▽

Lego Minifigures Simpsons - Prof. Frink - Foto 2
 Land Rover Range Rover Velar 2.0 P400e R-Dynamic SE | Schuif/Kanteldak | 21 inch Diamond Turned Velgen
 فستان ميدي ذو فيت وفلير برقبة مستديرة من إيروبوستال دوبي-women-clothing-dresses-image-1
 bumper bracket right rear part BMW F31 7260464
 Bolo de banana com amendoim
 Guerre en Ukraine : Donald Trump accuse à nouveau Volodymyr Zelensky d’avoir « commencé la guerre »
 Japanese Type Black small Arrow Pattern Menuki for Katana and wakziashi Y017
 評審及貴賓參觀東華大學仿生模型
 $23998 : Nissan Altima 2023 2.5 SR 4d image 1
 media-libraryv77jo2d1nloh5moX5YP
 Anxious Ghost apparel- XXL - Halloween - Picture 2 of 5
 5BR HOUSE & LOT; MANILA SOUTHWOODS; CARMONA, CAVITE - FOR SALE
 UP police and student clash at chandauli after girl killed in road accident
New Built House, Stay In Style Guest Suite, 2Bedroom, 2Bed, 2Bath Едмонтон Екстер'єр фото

△

__Task goal__. After reading the listing, copy all of it out exactly.

__Finished exercise__.
Lego Minifigures Simpsons - Prof. Frink - Foto 2
 Land Rover Range Rover Velar 2.0 P400e R-Dynamic SE | Schuif/Kanteldak | 21 inch Diamond Turned Velgen
 فستان ميدي ذو فيت وفلير برقبة مستديرة من إيروبوستال دوبي-women-clothing-dresses-image-1
 bumper bracket right rear part BMW F31 7260464
 Bolo de banana com amendoim
 Guerre en Ukraine : Donald Trump accuse à nouveau Volodymyr Zelensky d’avoir « commencé la guerre »
 Japanese Type Black small Arrow Pattern Menuki for Katana and wakziashi Y017
 評審及貴賓參觀東華大學仿生模型
 $23998 : Nissan Altima 2023 2.5 SR 4d image 1
 media-libraryv77jo2d1nloh5moX5YP
 Anxious Ghost apparel- XXL - Halloween - Picture 2 of 5
 5BR HOUSE & LOT; MANILA SOUTHWOODS; CARMONA, CAVITE - FOR SALE
 UP police and student clash at chandauli after girl killed in road accident
New Built House, Stay In Style Guest Suite, 2Bedroom, 2Bed, 2Bath Едмонтон Екстер'єр фото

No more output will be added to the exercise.